I consider myself a cultural art worker, addressing issues of our time from a Native American world view. Using a mixture of humor and pathos, I create a pictorial narrative. Political art can be locked in its own time but I strive for reportage of the human condition and its multiple facets such as greed, violence, war, human and animal rights, the environment. From lobbing rocks in cave times to lobbing rockets in our time, there is still a need for chant, prayer, hopefulness, ceremony and beauty.
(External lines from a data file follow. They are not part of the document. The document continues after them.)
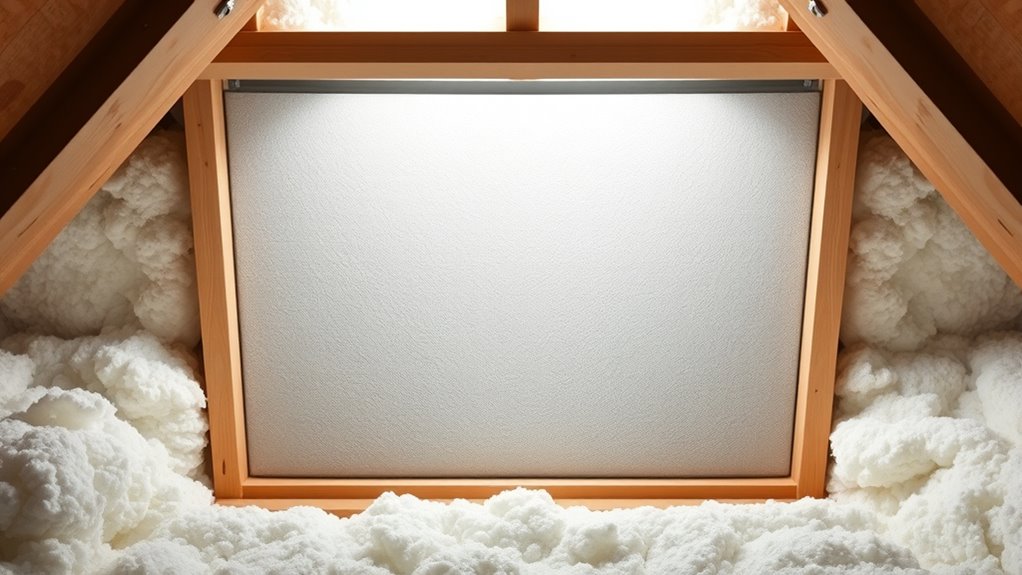 quality fit insulation seal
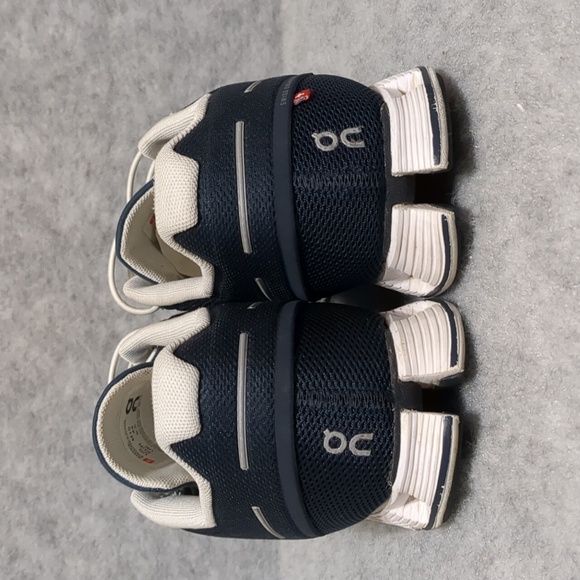 On Cloud 5 Men’s Running blue Shoes size 10 - Picture 3 of 12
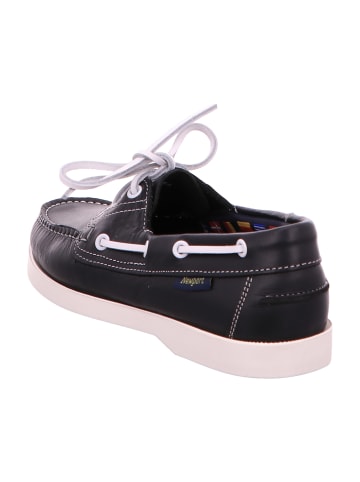 Newport Bootsschuhe in Blau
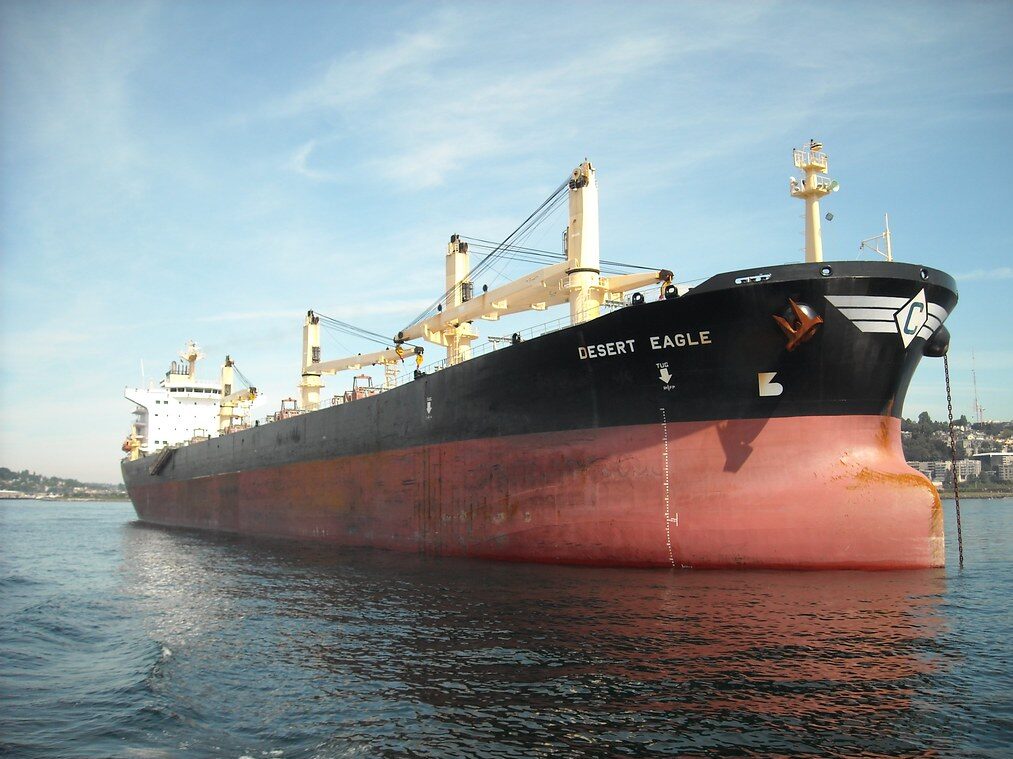 Ukrajina je blízko k dohodě s globálními pojišťovnami o krytí škod s poškození lodí v Černém moři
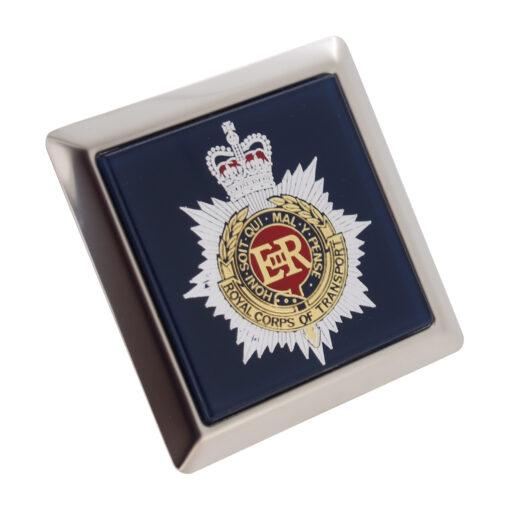 Royal Corps of Transport Car Badge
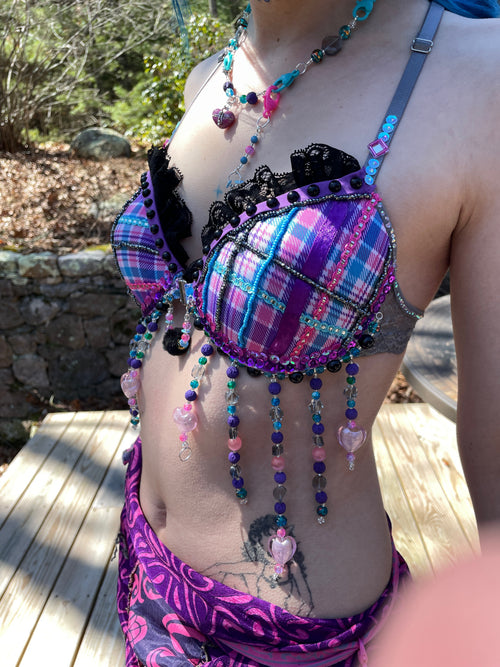 Dance Bra - Custom Order -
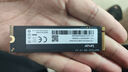 雷克沙（Lexar）1TB SSD固態(tài)硬盤 ARES 戰(zhàn)神系列 M.2接口(NVMe協(xié)議) PCIe 4.0x4 讀速7400MB/s TLC顆粒 游戲裝機 曬單實拍圖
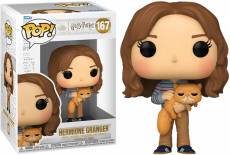 Harry Potter: Prisoner of Azkaban Funko Pop! Vinyl: Hermione with Crookshanks voor de Merchandise preorder plaatsen op nedgame.nl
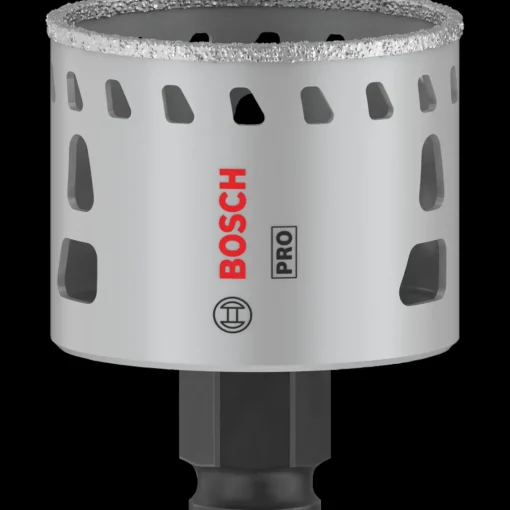Bosch PRO Tile PC Plus hulsav, 54 mm, HS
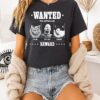 Steve Austin Wanted The Austin Gang T-Shirt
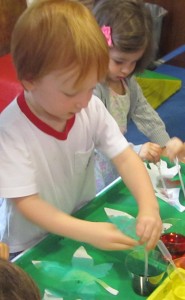 ECDA Summer Art Camp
Painting and making art is a way of working it out.
Jaune Quick-to-See Smith was born at the Indian Mission on her reservation. She is an enrolled Salish member of the Confederated Salish and Kootenai Nation, Montana.
She received an Associate of Arts Degree at Olympic College in Bremerton Washington. She attended the University of Washington in Seattle, received her BA in Art Education at Framingham State College, MA and a masters degree in art at the University of New Mexico.
Jaune Quick-to-See Smith is one of the most acclaimed American Indian artists today. She has been reviewed in most art periodicals. Smith has had over 100 solo exhibits in the past 40 years and has done printmaking projects nationwide. Over that same time, she has organized and/or curated over 30 Native exhibitions, lectured at more than 200 universities, museums and conferences internationally, most recently at 5 universities in China. Smith has completed several collaborative public art works such as the floor design in the Great Hall of the new Denver Airport; an in-situ sculpture piece in Yerba Buena Park, San Francisco and a mile-long sidewalk history trail in West Seattle and recently, a new terrazzo floor design at the Denver Airport.
Smith has received awards such as the Academy of Arts and Letters Purchase Award, NY l987; the Joan Mitchell Foundation Painters Grant 1996; the Womens Caucus for the Arts Lifetime Achievement 1997; the College Art Association Women's Award 2002; Governor’s Outstanding New Mexico Woman’s Award 2005; New Mexico Governor’s Award for Excellence in the Arts 2005. Art Table Artist Honoree, NY 2011; Visionary Woman Award 2011, Moore College, Phila. PA; Elected to National Academy of Art, NY 2011; Living Artist of Distinction Award, Georgia O’Keeffe Museum, 2012; Switzer Distinguished Artist 2012 and four honorary doctorates: Minneapolis College of Art and Design 1992; Pennsylvania Academy of Fine Arts 1998; Massachusetts College of Art 2003; University of New Mexico, Albuquerque 2009.
She is in the collections of the Museum of Modern Art, Quito, Ecuador; the Museum of Mankind, Vienna, Austria; The Walker, Minneapolis, MN; Smithsonian American Art Museum, Washington DC; the Museum of Modern Art, the Brooklyn Museum, the Metropolitan, The Whitney Museum, NY and the Victoria and Albert Museum, London.
Smith calls herself a cultural art worker which is also apparent in her work. Elaborating on her Native worldview, Smith's work addresses today's tribal politics, human rights and environmental issues with humor. Critic Gerrit Henry, (Art in America 2001) wrote: "For all the primal nature of her origins, Smith adeptly takes on contemporary American society in her paintings, drawings and prints, looking at things Native and national through bifocals of the old and the new, the sacred and the profane, the divine and the witty."